"Varyag gerginliği", Boğaz ve İstanbul'un güvenliği için kararlılık gösterisi yapmamız açısından iyi bir fırsat
UKRAYNA'nın, "Şangay Limanı'na bağlanıp yedi katlı yüzer otele dönüştürülmek üzere" Çin'e sattığı hurda uçak gemisi Varyag nedeniyle, İstanbul'un ve Boğazlar'ın güvenliğindeki söz sahipliğimiz açısından çok kritik bir sınav veriyoruz. Bu motorsuz ve dümensiz hurda yığınını Boğaz'dan geçirmiyoruz. Ukrayna ise Montrö Sözleşmesi'nin, Varyag'ı römorklara çektirerek Boğaz'dan geçirme hakkını kendisine tanıdığını savunuyor. Ukrayna ile Türkiye arasında, Çin'in de şiddetle Ukrayna'yı desteklediği bir "Varyag gerginliği" yaşanıyor. Amerika bu gerginlikte Türkiye'nin yanıda yer almış gibi görünüyor ama onun da derdi başka. Diyor ki Amerika: "Çin, Varyag'ı alıp teknoloji transferiyle yeniden savaş gemisi haline getirebilir. Bu riske göz yumamayız. Türkiye geçişe izin verirse Lockheed firmasının kazandığı radar ihalesindeki 400 bin dolarlık hibe eğitim programını askıya alırız."
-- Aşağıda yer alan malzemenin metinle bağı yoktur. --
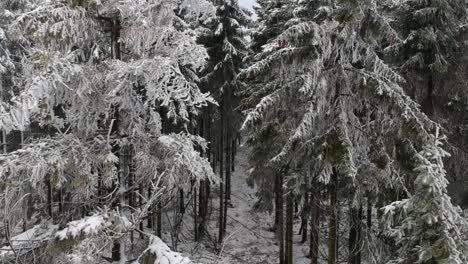 Sobrevuelo-De-Las-Ramas-Congeladas-De-Un-Bosque-De-Pinos-Con-Hielo-En-Cada-Rama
KİMSE demiyor ki, "Bu dümensiz, motorsuz dev kütle Boğaz'dan geçerken kıyılardan birine çarparsa İstanbul tarihin en büyük çevresel facialarından birini yaşayabilir. Bu yüzden geçmemeli"... Ve kimse, köhnemiş Montrö Sözleşmesi'nin, Boğaz'ın ve İstanbul'un güvenliğini sürekli tehdit eden ilkel bir "kapitülasyon metni" olmaktan çıkartılması gerektiğinin altını çizmiyor. Herkes, Montrö'nün sakıncalarını ağzına bile almadan, sadece kendi çıkarını, avantasını kolluyor.
"VARYAG" sınavı aslında iyi bir fırsat: Türkiye "Varyag"ı geçirmemeli; böylelikle "Montrö'nün Boğaz'ı ve İstanbul'u ateşe atma olasılığı"na aldırış etmeyen bencil tavırların sahiplerine kararlılığını gösterip hadlerini bildirmeli.